'''

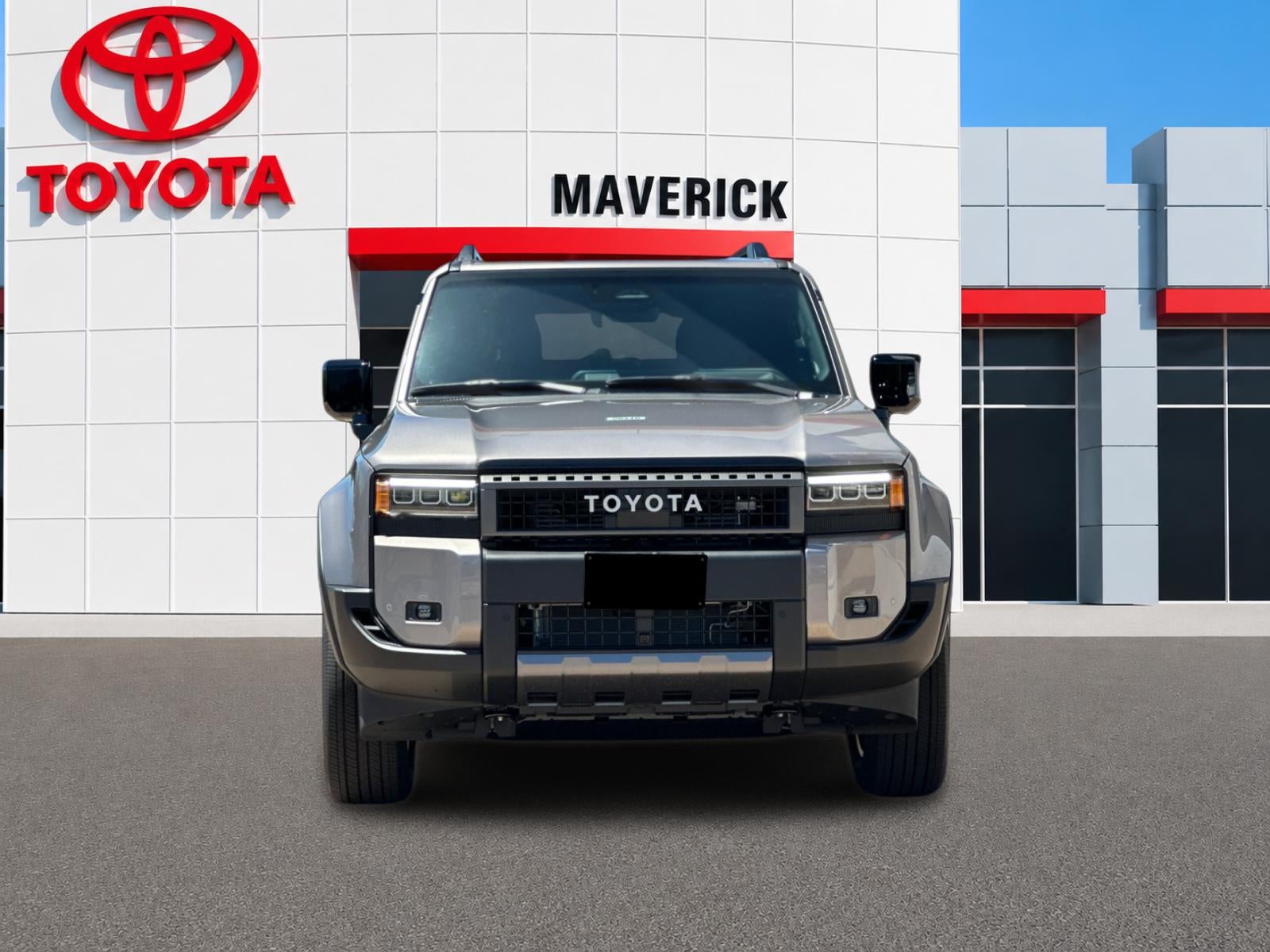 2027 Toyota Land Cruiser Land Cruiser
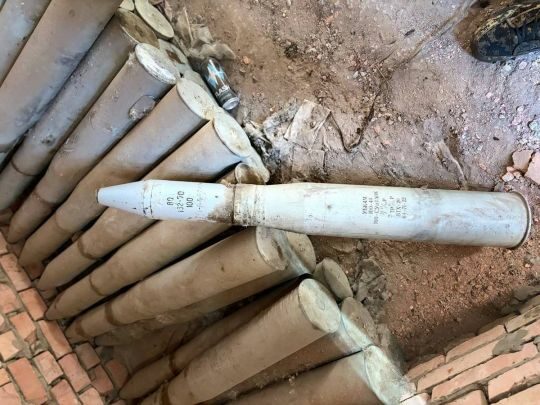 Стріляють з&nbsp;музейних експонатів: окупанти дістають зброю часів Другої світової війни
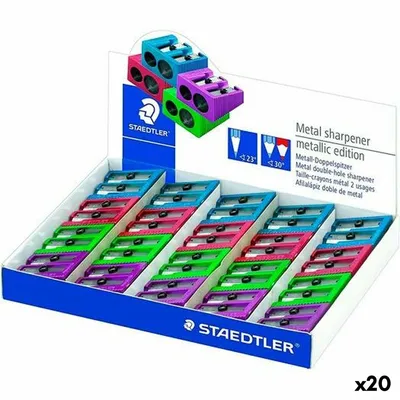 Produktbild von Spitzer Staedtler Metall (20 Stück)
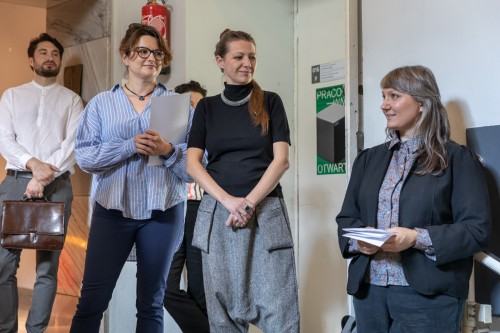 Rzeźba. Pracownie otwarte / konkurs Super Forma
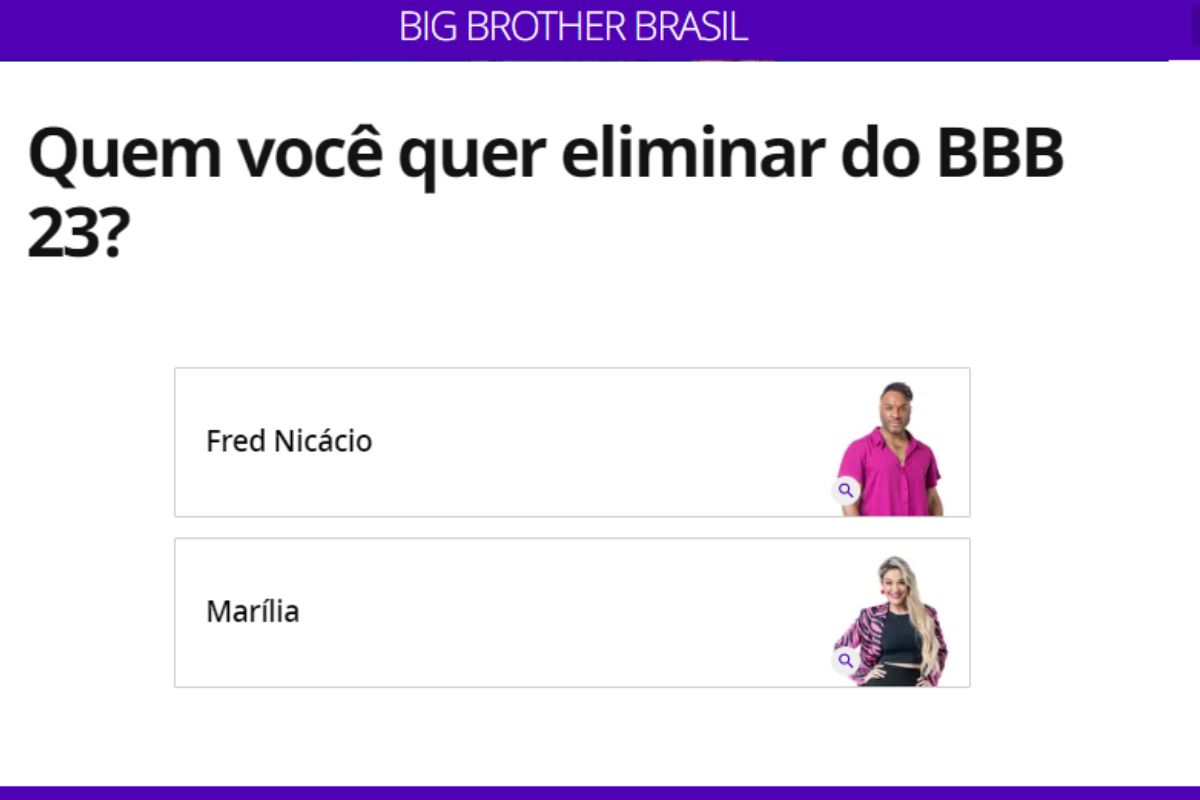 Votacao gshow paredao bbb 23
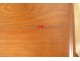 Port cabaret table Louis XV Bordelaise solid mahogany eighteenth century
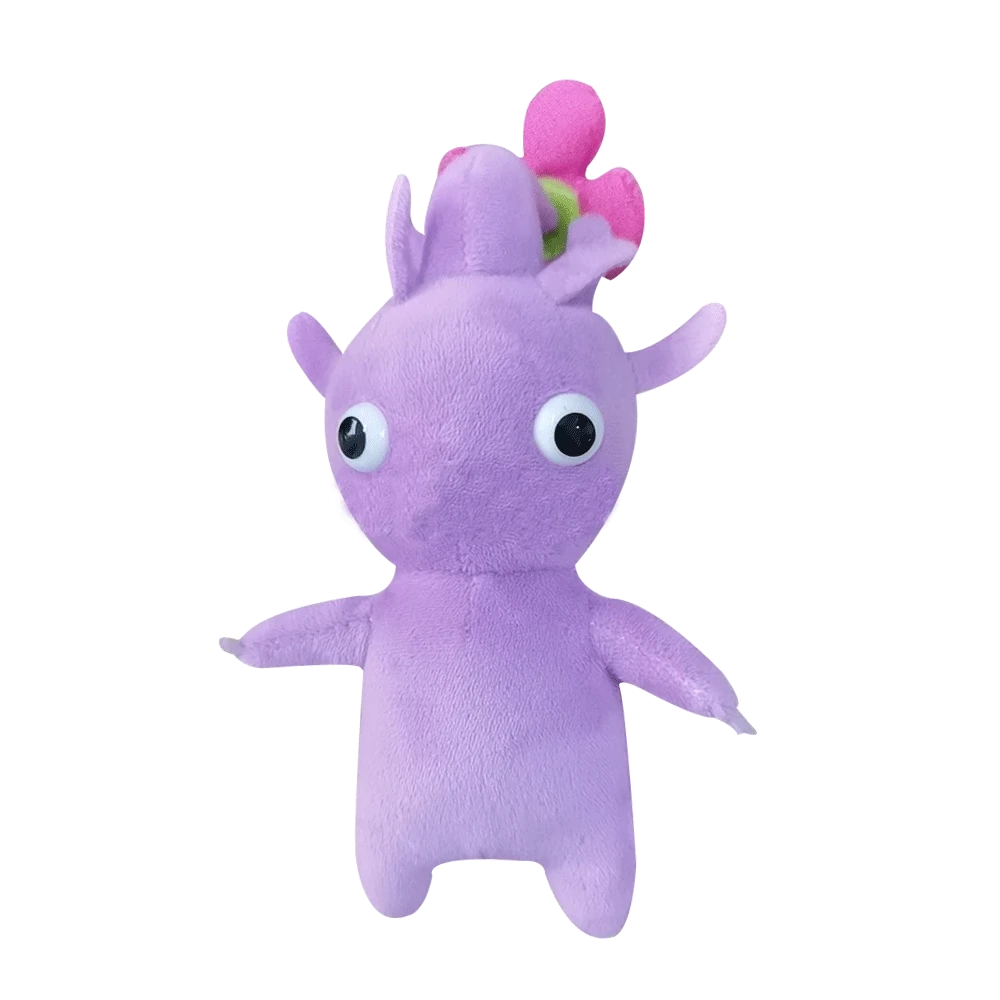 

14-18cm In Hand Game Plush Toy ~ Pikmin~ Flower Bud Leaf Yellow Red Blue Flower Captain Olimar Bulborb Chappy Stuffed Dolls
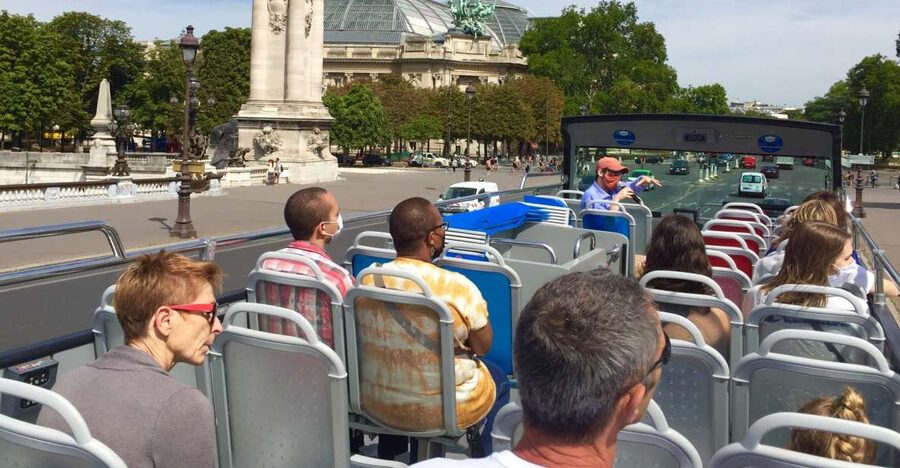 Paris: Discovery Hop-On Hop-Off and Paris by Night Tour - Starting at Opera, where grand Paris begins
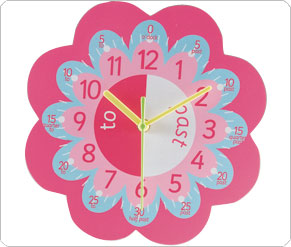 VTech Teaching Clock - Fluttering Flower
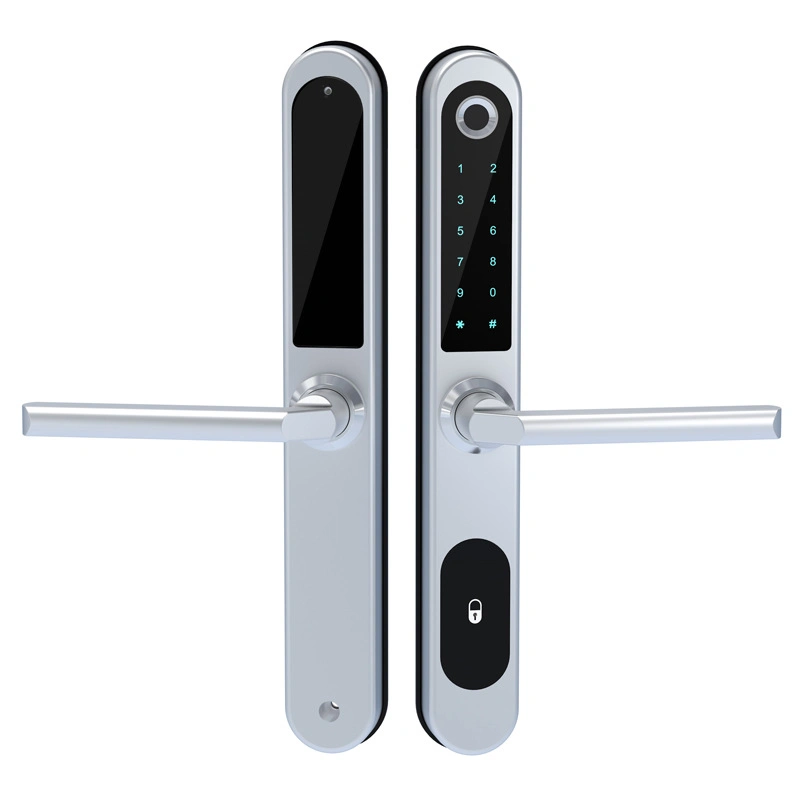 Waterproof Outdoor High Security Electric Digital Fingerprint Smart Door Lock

'''

● **Task directions**: Apart from the images, every line above is to be given again exactly.

● **Answer space**:
 2027 Toyota Land Cruiser Land Cruiser
 Стріляють з&nbsp;музейних експонатів: окупанти дістають зброю часів Другої світової війни
 Produktbild von Spitzer Staedtler Metall (20 Stück)
 Rzeźba. Pracownie otwarte / konkurs Super Forma
 Votacao gshow paredao bbb 23
 Port cabaret table Louis XV Bordelaise solid mahogany eighteenth century

14-18cm In Hand Game Plush Toy ~ Pikmin~ Flower Bud Leaf Yellow Red Blue Flower Captain Olimar Bulborb Chappy Stuffed Dolls
 Paris: Discovery Hop-On Hop-Off and Paris by Night Tour - Starting at Opera, where grand Paris begins
 VTech Teaching Clock - Fluttering Flower
 Waterproof Outdoor High Security Electric Digital Fingerprint Smart Door Lock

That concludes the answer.